Published in final edited form as: Ann Neurol. 2023 Sep 14;94(6):1048–1066. doi: 10.1002/ana.26770

Fig. 5.

Fig. 5.

Microglia in white matter lesions sustain DNA damage. (A) Low power view of Iba1+ microglia (blue) stained for DNA double strand breaks with phospho-histone H2A.X (H2A, green). Inset and orthogonal views of a microglia cell with scattered H2A staining consistent with a low level of DNA damage. Scale bars, 30 μm. (B) Detail and orthogonal views of a typical Iba1+ (blue) FTL+ (red) DM with truncated and shrunken processes and intense H2A labeling (arrowheads) consistent with a high level of DNA damage. Scale bars, 30 μm. (C) Low power view of a lesion with several reactive astrocytes (GFAP+, red). Orthogonal views of two cells (dashed boxes) with H2A labeling (green) and DAPI (blue).
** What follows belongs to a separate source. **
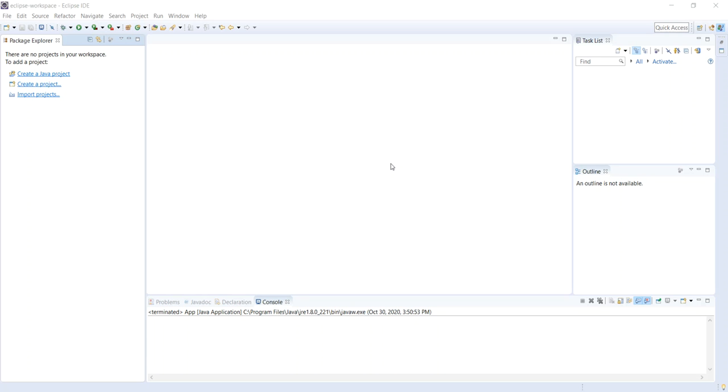In this video, I'm going to show you how to make an auto-clicker in Java so that when you're playing your video games or maybe doing software testing, you can have the Java program do auto-clicking for you.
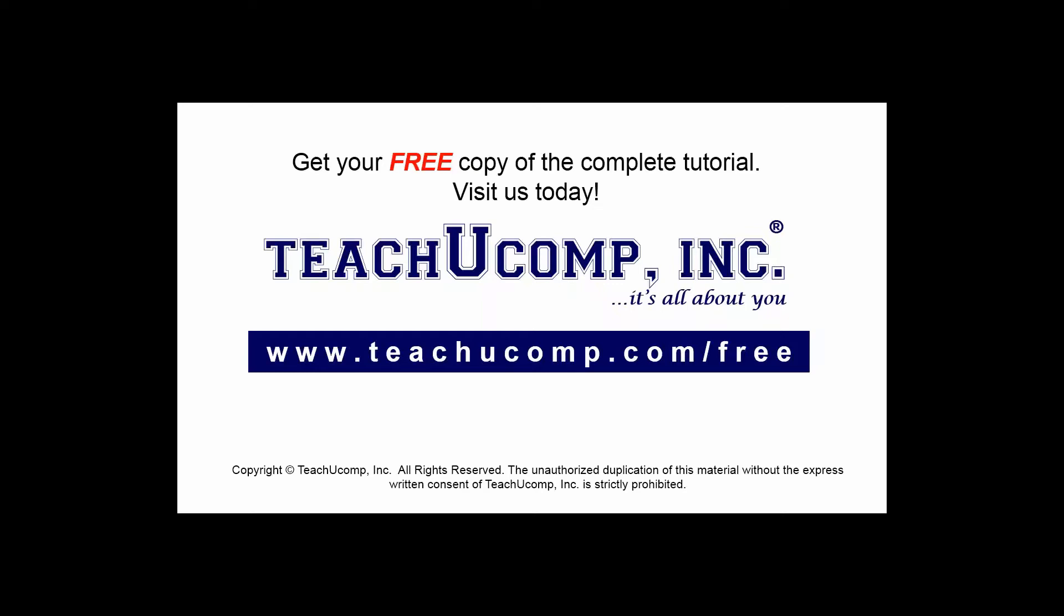Get your free copy of the complete tutorial at www.teachyoucomp.com forward slash free.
Scale bars, 30 μm. (D) The density and percentage of DM in white matter lesions was significantly higher than nondegenerative microglia (-DM). (E) The density and percentage of microglia that stained for DNA damage with H2A in white matter lesions was significantly higher for DM compared to nondegenerative microglia (-DM). Because there were no significant differences between CMI and nCMI cases, data was analyzed as the full cohort of 17 cases in D and E. Student’s t-test; ***p< 0.001; ****p<0.0001 in D and E.